Lombard duke of Trent

Euin (died 595), also Ewin or Eoin, was the first Lombard Duke of Trent (from 569) during the Rule of the Dukes, an interregnum (575–585) during which the Kingdom of Italy was ruled by its regional magnates, the dukes of the thirty or so cities. Euin participated in several significant wars during his long reign. The primary source for his career is Paul the Deacon's Historia Langobardorum.
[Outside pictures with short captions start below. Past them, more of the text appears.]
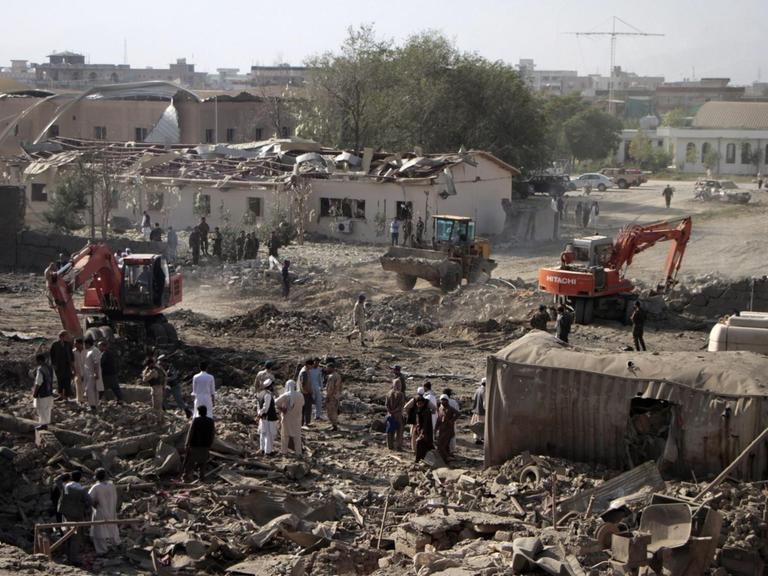 Das Wohnviertel von Kabul nach der Explosion eines Lkw, der mit Sprengstoff beladen war.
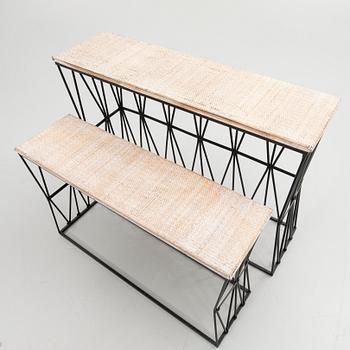 Flower table, 2 pieces, 20th/21st century.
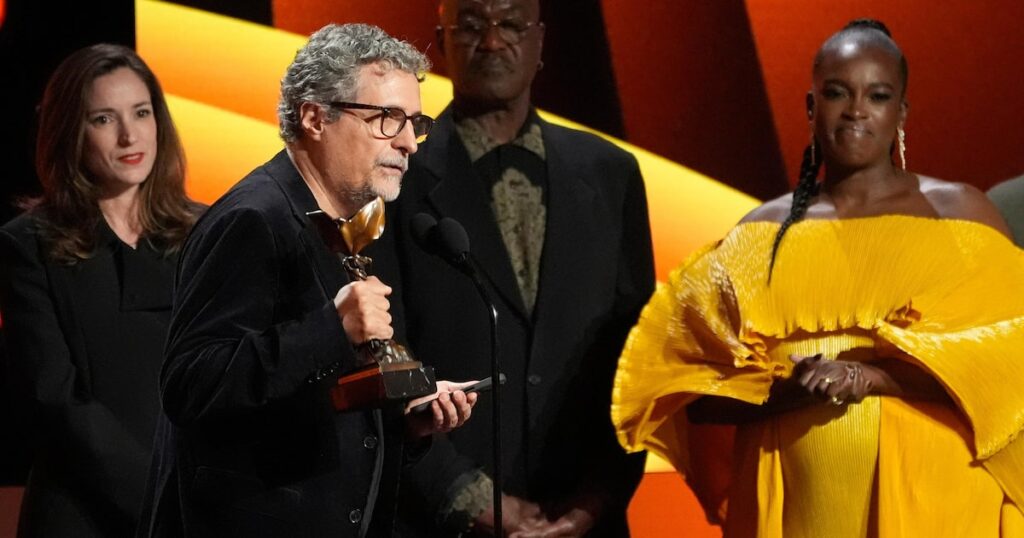 ‘O Agente Secreto’ vence Spirit Awards; Adolpho Veloso também leva prêmio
In 584 the Frankish kings Guntram of Burgundy and Childebert II of Austrasia invaded northeastern Italy. The fortress Anagnis, north of Trent, surrendered to them and was consequently the victim of a plundering expedition by Ragilo, the Lombard count of Lagaris. Ragilo and his army, however, were attacked in the field of "Rotalian" by a Frankish army under Chramnichis. Ragilo and many of his followers, still with their booty, were killed. Chramnichis then moved on to "devastate Trent", but probably this phrase (in Paul the Deacon) refers not to a Frankish occupation of the city itself but just a raid of its environs. At Salurnis, Euin, the duke of Trent, ambushed Chramnichis and killed him. He took the Franks' booty and regained the booty collected by Ragilo. He then drove the Franks from the duchy of Trent.

Paul records that it was around this time, when Sigebert I of Austrasia was assassinated by Chilperic I of Neustria (584), that Euin married a daughter of Garibald I, whom Paul refers to as "king of the Bavarians". The elder sister of Euin's wife was Theudelinda, who in 589 married the Lombard king Authari.

In 587 Authari sent an army under Euin into Istria. By tactics Paul only describes as "plunderings and burnings", Euin established peace for a year and returned with a large tribute for Authari. In 590 Childebert invaded Italy with an army led by twenty dukes, notably Auduald, Olo, and Cedinus. Olo was killed trying to take Bilitio and Auduald, with six other dukes, camped outside Milan waiting for the army of the Byzantine emperor Maurice, which never came. Cedinus, with thirteen dukes, invaded the northeast, and marched west. In the duchy of Trent he destroyed the fortresses of Tesana, Maletum, Sermiana, Appianum, Fagitana, Cimbra, Vitianum, Bremtonicum, Volaenes, and Ennemase. With dysentery racking his army and the Byzantine reinforcements yet to show up, Cedinus made a ten-month truce and returned across the Alps. In May 591, Authari's successor, Agilulf, sent Agnellus, Bishop of Trent, to the Frankish court of Brunhilda to secure the ransom of several Tridentine prisoners captured in the previous war, which he did. At that same time Euin went to the Franks to negotiate a peace, which he did.

Euin was dead by January 595, when he was replaced by Gaidoald, described by Paul as "a good man and a Catholic in religion".